DATA SHOWN:
[Start of section]
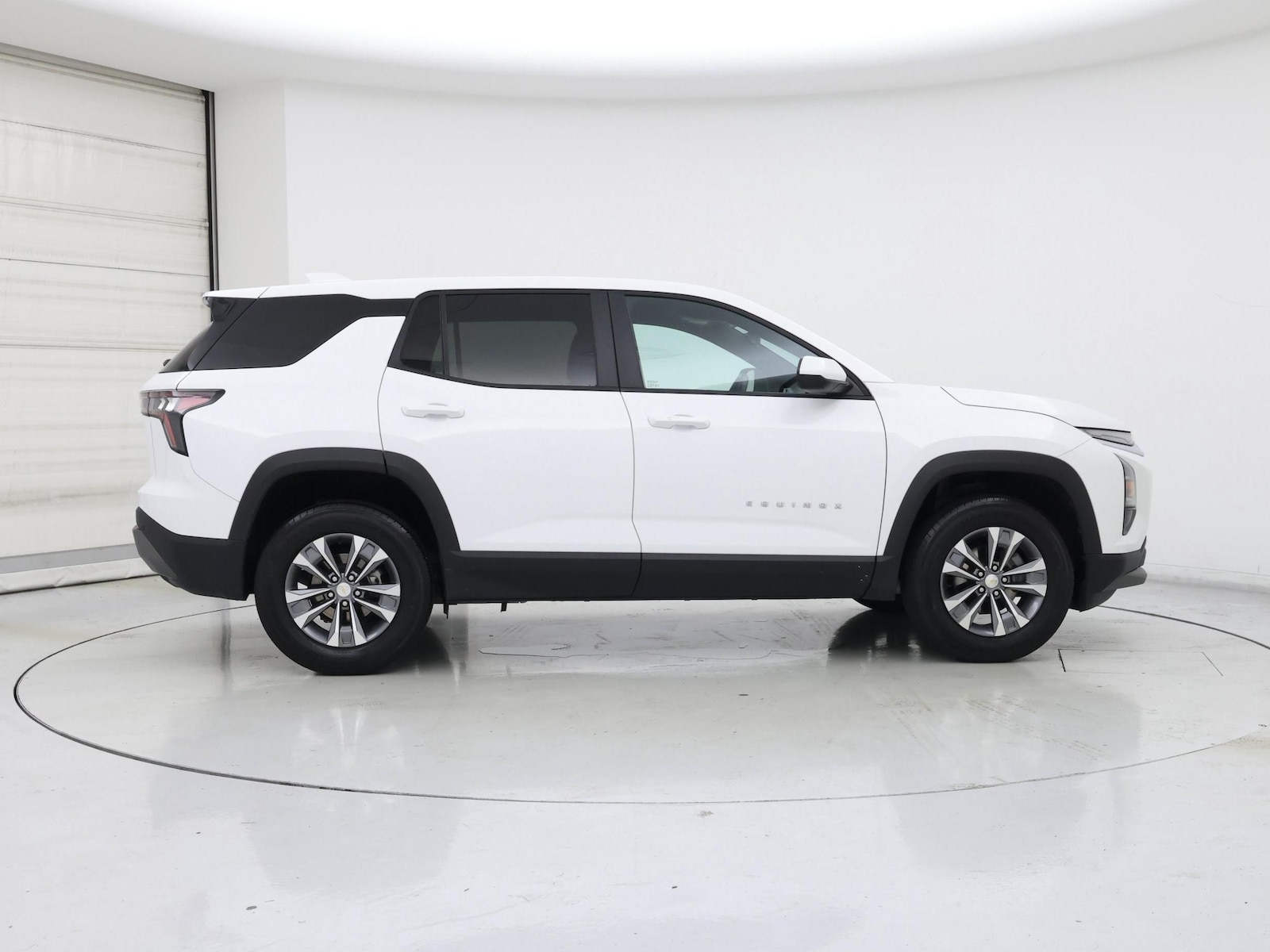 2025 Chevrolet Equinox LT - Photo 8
[End of section]
[Start of section]
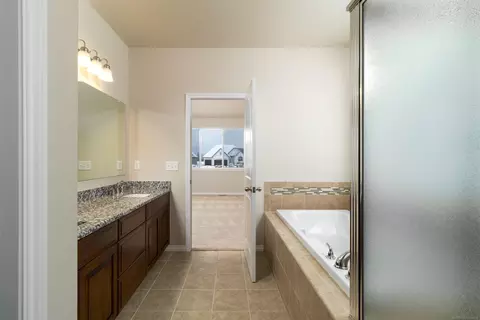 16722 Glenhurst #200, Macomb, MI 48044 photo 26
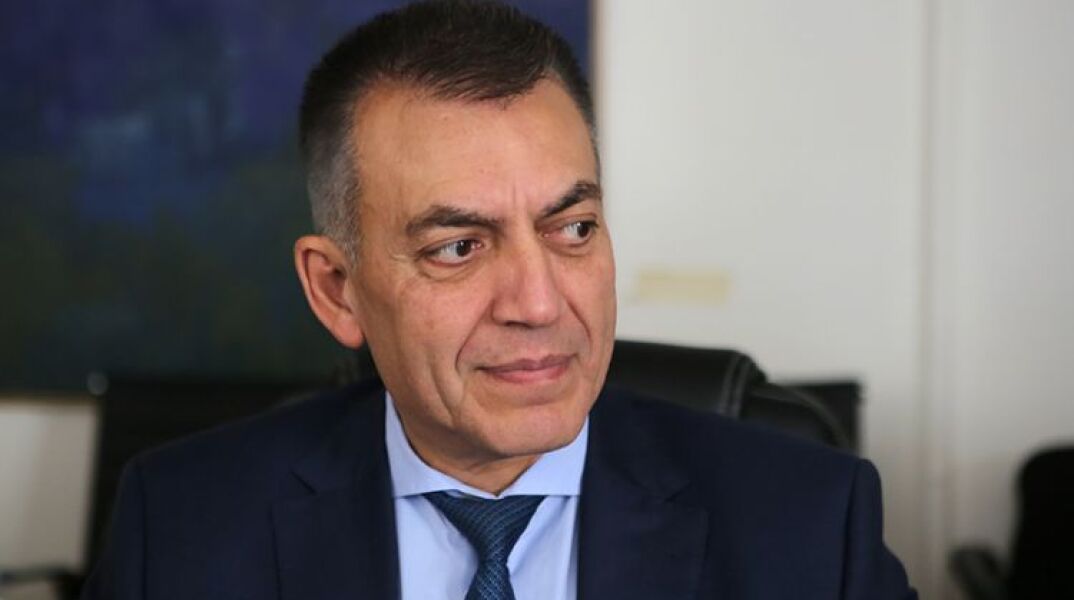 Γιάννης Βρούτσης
[End of section]
ASSIGNMENT: Write out exactly the run of lines above that starts at the line containing "16722 Glenhurst #200, Macomb, MI" and ends at the line containing "Γιάννης Βρούτσης". Include both, and leave the pictures out.

EXERCISE SOLUTION:
 16722 Glenhurst #200, Macomb, MI 48044 photo 26
 Γιάννης Βρούτσης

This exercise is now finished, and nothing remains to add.